*Your assignment*
A complete, exact retyping of the data below is required.

*Materials provided*
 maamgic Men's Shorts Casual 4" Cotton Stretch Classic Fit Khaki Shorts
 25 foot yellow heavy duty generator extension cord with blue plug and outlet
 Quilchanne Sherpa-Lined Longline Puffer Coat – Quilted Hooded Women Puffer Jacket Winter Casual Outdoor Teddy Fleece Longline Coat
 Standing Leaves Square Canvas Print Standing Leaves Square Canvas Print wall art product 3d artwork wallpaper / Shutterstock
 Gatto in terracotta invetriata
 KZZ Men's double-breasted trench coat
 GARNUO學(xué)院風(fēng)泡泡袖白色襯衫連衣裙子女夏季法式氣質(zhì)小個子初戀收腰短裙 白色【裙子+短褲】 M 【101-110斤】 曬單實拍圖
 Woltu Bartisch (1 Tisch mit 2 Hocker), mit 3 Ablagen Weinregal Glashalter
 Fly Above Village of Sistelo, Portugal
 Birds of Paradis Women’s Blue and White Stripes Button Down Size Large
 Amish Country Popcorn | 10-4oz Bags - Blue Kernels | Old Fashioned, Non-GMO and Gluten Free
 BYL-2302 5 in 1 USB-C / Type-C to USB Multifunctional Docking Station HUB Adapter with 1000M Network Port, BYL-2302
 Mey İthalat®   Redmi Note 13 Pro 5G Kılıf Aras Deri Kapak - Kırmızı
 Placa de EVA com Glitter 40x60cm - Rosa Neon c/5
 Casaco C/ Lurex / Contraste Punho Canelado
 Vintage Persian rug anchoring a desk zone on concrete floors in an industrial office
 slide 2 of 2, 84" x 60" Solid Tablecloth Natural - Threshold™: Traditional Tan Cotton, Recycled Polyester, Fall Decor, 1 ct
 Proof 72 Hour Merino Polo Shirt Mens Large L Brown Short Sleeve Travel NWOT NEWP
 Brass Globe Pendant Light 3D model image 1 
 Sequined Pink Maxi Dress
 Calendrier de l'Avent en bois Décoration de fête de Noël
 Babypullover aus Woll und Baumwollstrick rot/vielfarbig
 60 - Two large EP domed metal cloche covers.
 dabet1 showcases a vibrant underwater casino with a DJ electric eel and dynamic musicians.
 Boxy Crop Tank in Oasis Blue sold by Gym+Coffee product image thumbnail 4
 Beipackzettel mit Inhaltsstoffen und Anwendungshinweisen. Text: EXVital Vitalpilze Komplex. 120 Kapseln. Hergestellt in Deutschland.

*Finished task*
 maamgic Men's Shorts Casual 4" Cotton Stretch Classic Fit Khaki Shorts
 25 foot yellow heavy duty generator extension cord with blue plug and outlet
 Quilchanne Sherpa-Lined Longline Puffer Coat – Quilted Hooded Women Puffer Jacket Winter Casual Outdoor Teddy Fleece Longline Coat
 Standing Leaves Square Canvas Print Standing Leaves Square Canvas Print wall art product 3d artwork wallpaper / Shutterstock
 Gatto in terracotta invetriata
 KZZ Men's double-breasted trench coat
 GARNUO學(xué)院風(fēng)泡泡袖白色襯衫連衣裙子女夏季法式氣質(zhì)小個子初戀收腰短裙 白色【裙子+短褲】 M 【101-110斤】 曬單實拍圖
 Woltu Bartisch (1 Tisch mit 2 Hocker), mit 3 Ablagen Weinregal Glashalter
 Fly Above Village of Sistelo, Portugal
 Birds of Paradis Women’s Blue and White Stripes Button Down Size Large
 Amish Country Popcorn | 10-4oz Bags - Blue Kernels | Old Fashioned, Non-GMO and Gluten Free
 BYL-2302 5 in 1 USB-C / Type-C to USB Multifunctional Docking Station HUB Adapter with 1000M Network Port, BYL-2302
 Mey İthalat®   Redmi Note 13 Pro 5G Kılıf Aras Deri Kapak - Kırmızı
 Placa de EVA com Glitter 40x60cm - Rosa Neon c/5
 Casaco C/ Lurex / Contraste Punho Canelado
 Vintage Persian rug anchoring a desk zone on concrete floors in an industrial office
 slide 2 of 2, 84" x 60" Solid Tablecloth Natural - Threshold™: Traditional Tan Cotton, Recycled Polyester, Fall Decor, 1 ct
 Proof 72 Hour Merino Polo Shirt Mens Large L Brown Short Sleeve Travel NWOT NEWP
 Brass Globe Pendant Light 3D model image 1 
 Sequined Pink Maxi Dress
 Calendrier de l'Avent en bois Décoration de fête de Noël
 Babypullover aus Woll und Baumwollstrick rot/vielfarbig
 60 - Two large EP domed metal cloche covers.
 dabet1 showcases a vibrant underwater casino with a DJ electric eel and dynamic musicians.
 Boxy Crop Tank in Oasis Blue sold by Gym+Coffee product image thumbnail 4
 Beipackzettel mit Inhaltsstoffen und Anwendungshinweisen. Text: EXVital Vitalpilze Komplex. 120 Kapseln. Hergestellt in Deutschland.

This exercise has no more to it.